Um sensor não é uma máquina. Ele não faz nada, da mesma forma que uma máquina não faz sem instrução prévia. Ele mede, avalia; calcula, e reúne dados. A Internet das coisas realmente vem junto com a conexão de sensores e máquinas. Ou seja, o valor real que a Internet das Coisas cria é no cruzamento da coleta de dados e no seu potencial. Todas as informações coletadas por todos os sensores no mundo não vale muito se não houver uma infra-estrutura no local para analisá-lo em tempo real.

Aplicativos baseados em nuvem são a chave para usar dados capturados. A Internet das coisas não funciona sem aplicativos baseados em nuvem para interpretar e transmitir os dados provenientes de todos esses sensores. A nuvem é o que permitirá os aplicativos trabalhar para você a qualquer hora, em qualquer lugar.
Vejamos um exemplo. Em 2007, uma ponte desabou em Minnesota, matando muitas pessoas, por causa de placas de aço que eram inadequados para lidar com a carga da ponte. Quando construimos pontes, podemos usar cimento inteligente: cimento equipado com sensores para monitorar tensões, rachaduras e warpages. Este é o cimento que nos alerta para corrigir problemas antes que eles causem uma catástrofe. E estas tecnologias não são limitadas à estrutura da ponte.

Se há gelo na ponte, os mesmos sensores no concreto irá detectá-lo e comunicar a informação através da Internet sem fio para seu carro. Uma vez que seu carro sabe que há um perigo adiante, ele irá instruirá o motorista a desacelerar, e se o motorista não faz, então o carro vai desacelerar para ele. Esta é apenas uma das maneiras que a comunicação sensor-máquina e máquina-a-máquina pode ter lugar. Sensores em pontes se conectam às máquinas (carro): nós transformamos informação em ação.

Você pode começar a ver as implicações aqui. O que você pode conseguir quando um carro inteligente e uma grande cidade inteligente começar a falar um com o outro? Nós teremos a otimização do fluxo de tráfego, porque em vez de apenas termos semáforos, teremos semáforos inteligentes que podem responder às mudanças no fluxo de tráfego. Condições de tráfego e de rua serão comunicadas aos motoristas, mudança de itinerário los em torno de áreas que estão congestionadas, semelhante a uma das features que o Waze proporciona hoje, porem com informações provenientes das próprias vias.

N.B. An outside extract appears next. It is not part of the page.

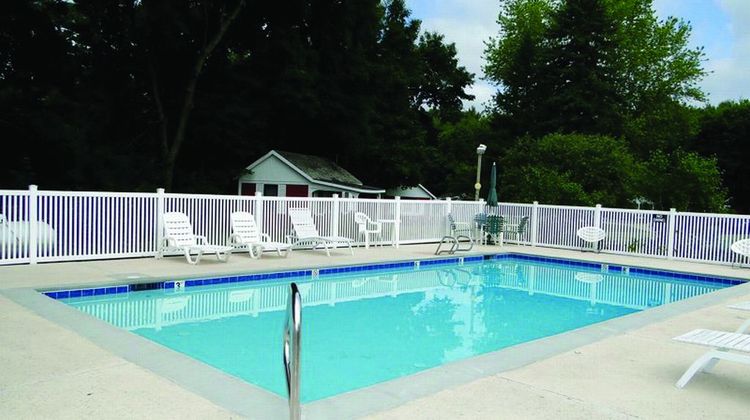 Pride Motel & Cottages Pool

Portanto, agora temos sensores de monitoramento e rastreamento de todos os tipos de dados; temos aplicativos baseados em nuvem traduzindo esses dados em informações úteis e transmiti-lo para máquinas no terreno, permitindo, respostas em tempo real mobile. E, assim, transformamos pontes em pontes inteligentes e carros em carros inteligentes. E em breve, nós temos cidades inteligentes, e este é só o inicio….

Ok. Quais são as vantagens aqui? Quais sãos ganhos? Que indústrias podem beneficiar com isto?

Aqui está o que eu quero dizer quando digo que as pessoas nunca pensam grande o suficiente. Isto não é apenas sobre a ganho de dinheiro. Não se trata de pontes, e não é sobre cidades. Esta é um grande e fundamental mudança. Quando começamos a fazer as coisas inteligentes, isso servirá de um grande motor para a criação de novos produtos e novos serviços.

De todas as tendências tecnológicas que estão ocorrendo agora, talvez a maior delas é a Internet das coisas; é o que vai nos dar as maires perturbações, bem como as oportunidades maiores ao longo dos próximos cinco anos.

Poucos perceberam o potencial da Internet das Coisas.